The SCLC hosted an awards banquet and celebration at the Sheraton Grand Ballroom celebration, entitled “A Golden Halo Commemoration Fit For A King,” and honored the slain civil rights leader’s legacy by recognizing individuals who have continued doing his work.

2018 Award Recipients included Cook; Woke Vote Founder, DeJuana Thompson; Hispanic Interest Coalition of Alabama President, Isabel Rubio; and Birmingham Business Resource Center President, Robert Dickerson.

Cook also attended a symposium hosted by the SCLC at Birmingham’s Sixth Avenue Baptist Church. The symposium, “Economic Justice and Transformative Innovation: Acknowledging the Past While Advancing the Future” hosted 250 high school students from the Jefferson County area.

Students learned how they can develop STREAM (Science, Technology, Reading, Engineering, Art, and Math) skills, and be inspired by leaders discussing the topics of economic justice and transformative innovation.

Cook is an avid follower of Dr.
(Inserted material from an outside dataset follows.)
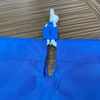 Sac &agrave; linge tridimensionnel (bleu)-sac de transfert, avec grande fermeture &agrave; pression 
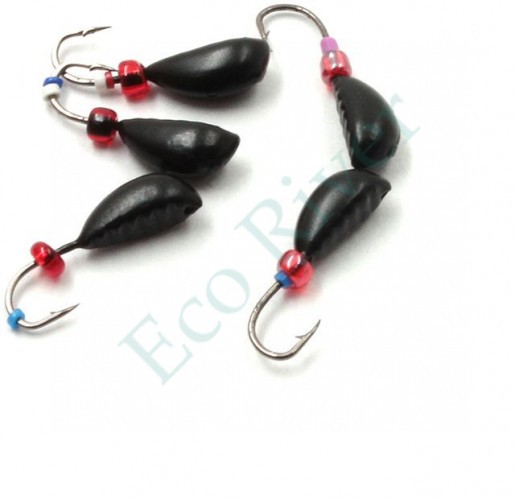 Мормышка литая Яман Жучок, вес 0,5 гр., кр. Kumho №27, цв. черный (уп. 5 шт.)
King’s teachings, often quoting the civil rights leader in tweets and interviews.
“It’s an honor to be in Birmingham celebrating Dr. King’s life today,” Cook wrote on Twitter, adding an abbreviated quote from a letter by King while he was in Birmingham Jail in 1963.

Touching on student activism related to the Parkland, Fla., school shooting, Cook praised recent efforts, saying young people are “not stuck with old dogmas. They are not fighting these ancient fights. They don’t accept ‘it’s never been done before.’ They don’t accept ‘it can’t be done.’ They don’t accept it ‘don’t work life that.'”
Cook also visited Lawson State Community College during his time in Birmingham. In another Twitter post, Cook can be seen watching students as they worked on iMacs.

The CEO from Mobile, Ala. is a graduate of Auburn University. He’s also a well-known backer of socially liberal causes such as LGBT rights and workplace diversity.